As I headed roughly north knowing that sooner or later I’d end up in either Trondheim and/or the Swedish border, I took a road that ran along the side of a bright turquoise fjord, heavily laden with minerals washed down from the mountains by the melting snow. Waterfalls cascaded down every rock face, joining other watercourses to form huge rivers gushing down before becoming lost in the mass of the fjord.
The increasing altitude would have been imperceptible but for the cultivated greenery slowly making way for a more rugged and wild landscape. The temperature dropped, despite continuing blue skies and sunshine. Rivers through this wilderness crashed their way through rock-filled beds into frothing rapids. I had come here to experience untamed open spaces and had found them.
The road down from this beautiful spot was bound to be spectacular. I got an idea of just how spectacular when I pulled right over to let a camper van, creeping up the mountain, pass and saw the road ahead carved into the side of an almost vertical cliff.
The road switching back seemed almost directly below me. I gingerly wound my way down the mountainside, waterfalls soaking the road until the relative sanity of hairpins, switchbacks and the valley floor.
I’d just inadvertently ridden the Trollstigen, and I’d only found it because I took a right at a T-junction because it looked nicer – proof that the ‘follow your nose’ method of navigation is better than a satnav.
“Around Trondheim, the road came as a bit of a shock. Busy, multiple-lane modern roads like I had not seen since the UK motorways. Although that had only been a few days ago, it seemed like weeks.
The rural idyll of the south had become widescreen vistas of forested mountains and hills as far as I could see, a situation which only changed with a reduction in the height of the peaks as I crossed the border from Norway back into Sweden.
I was looking for wild camping spots, but was struggling until my Tiger XCx came to the rescue. I found a small disused gravel track and decided to explore. The Tiger ate it up for a kilometre until it became quiet and secluded. I couldn’t hear the road, nobody passed by and I settled in for a good night’s sleep after another long, but hugely satisfying day of riding.
The perfect circle
To the tip of Sweden, land of the midnight sun, and another thing off my checklist as I crossed the Arctic Circle. It was something I had to do and possibly something mainland Europeans take far more for granted than people from the UK and States.
After there it was back down through the middle of Finland, a country whose north is flat, vast and uninhabited and full of reindeer. The first time I saw one it blew my mind, but then as the traffic increased, their numbers dwindled.
Finland doesn’t have the same geological wonder of Sweden and Norway, but Helsinki is lovely. The one thing you do notice is that as the traffic increases, people become less friendly. It’s as if northern Scandinavia is how the world should be.

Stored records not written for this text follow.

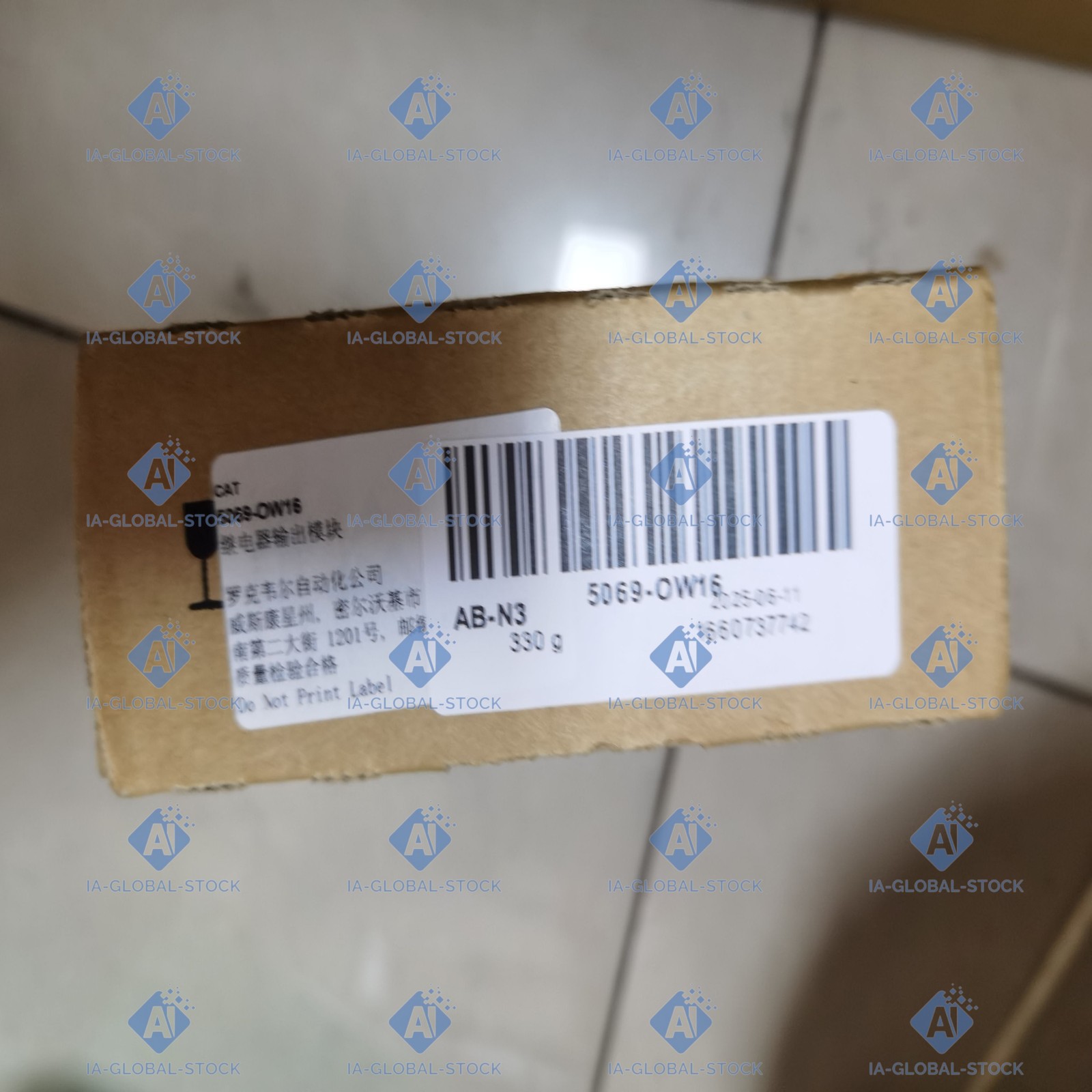 1pc Fast Shipping original New Allen-Bradley 5069-OW16 Local US Stock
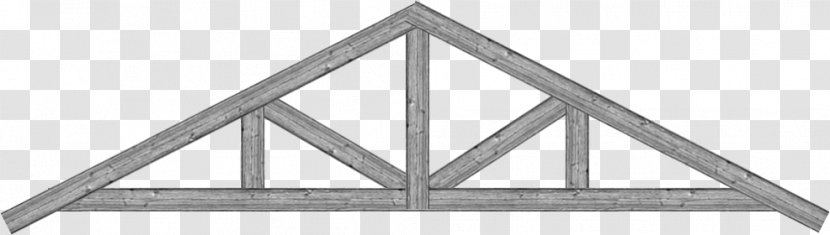 Timber Roof Truss Dachdeckung Building - Architectural Engineering Transparent PNG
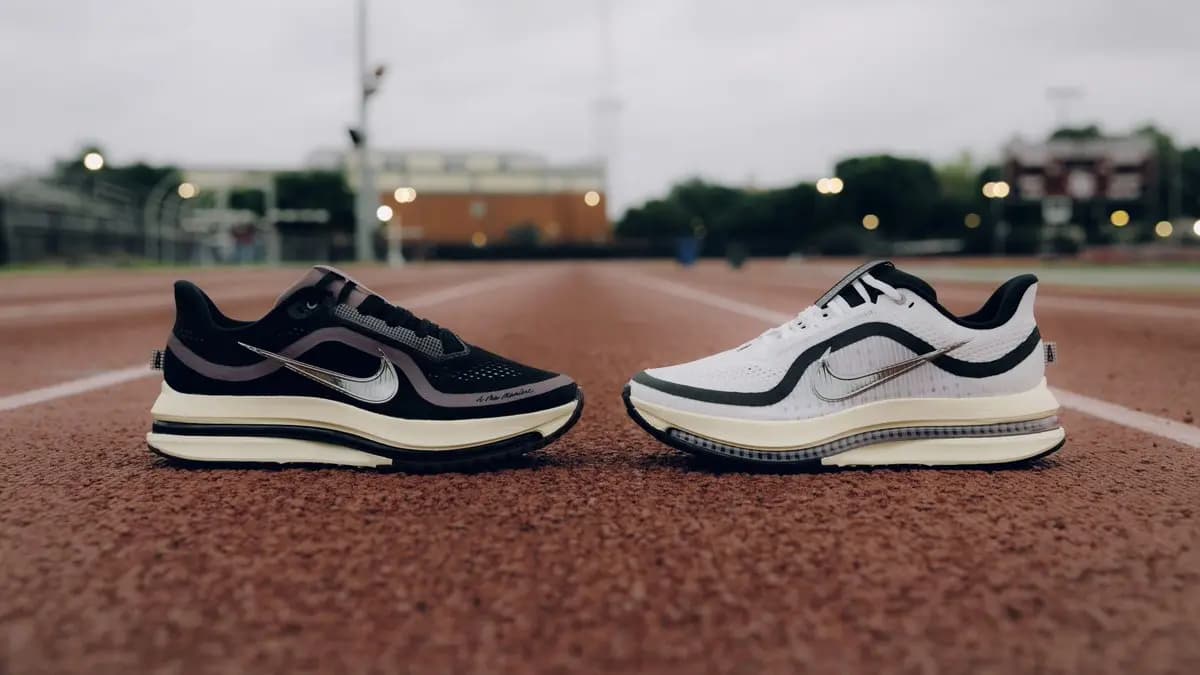 “Timing Is Everything” – Chương mới của A Ma Maniére x Nike Pegasus Premium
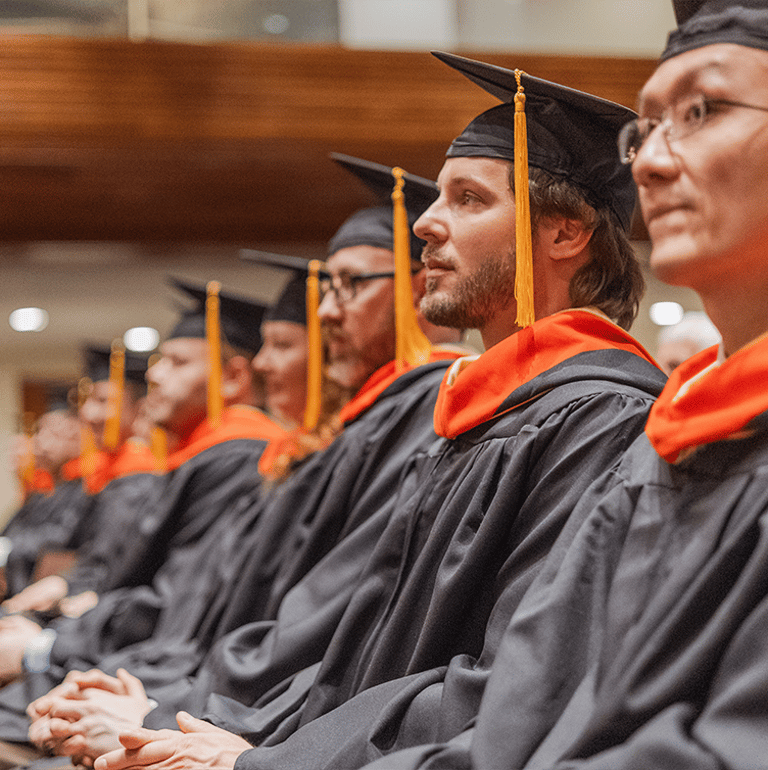 Graduation Ceremony
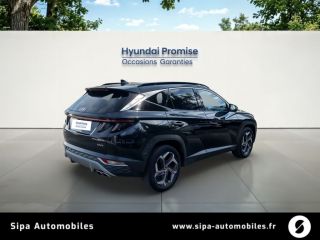 33110 : Hyundai - Sipa Automobiles - Bordeaux Nord - Le Bouscat - HYUNDAI TUCSON Executive - TUCSON (10/2020) - PHANTOM BLACK - Boîte automatique - Essence / Courant électrique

As a rule of thumb although obviously you can’t generalise, the further north I found myself the more welcoming people were. I guess that’s because the locals are delighted that you’re there truly experiencing their homeland in the truest way possible… on a motorcycle.
I’d planned to visit Russia but unfortunately it wasn’t an option as I could not get a visa sorted out, though I’m still not entirely sure why. Even the person I met at the Russian visa office thought it didn’t make much sense.
It seems that for various reasons I didn’t fit neatly into either the tourist or transit visa categories. If I decide to go to Russia in the future I’ll use a third party visa company to handle it even though it’s more expensive.
So now I have got a bit more time in the former Baltic states of Estonia, Latvia, Lithuania before heading home through, Poland, Germany, Holland, Belgium and France. They were beautiful but a lot faster and busier in terms of traffic, almost as if I was returning back to a slightly more cynical world.
There were memorable moments – like trying to find my way through Latvia’s capital Riga – but it will always be the Scandinavia leg of the trip that takes my breath away.
I was there for just two weeks but I have memories that will stay with me for a lifetime.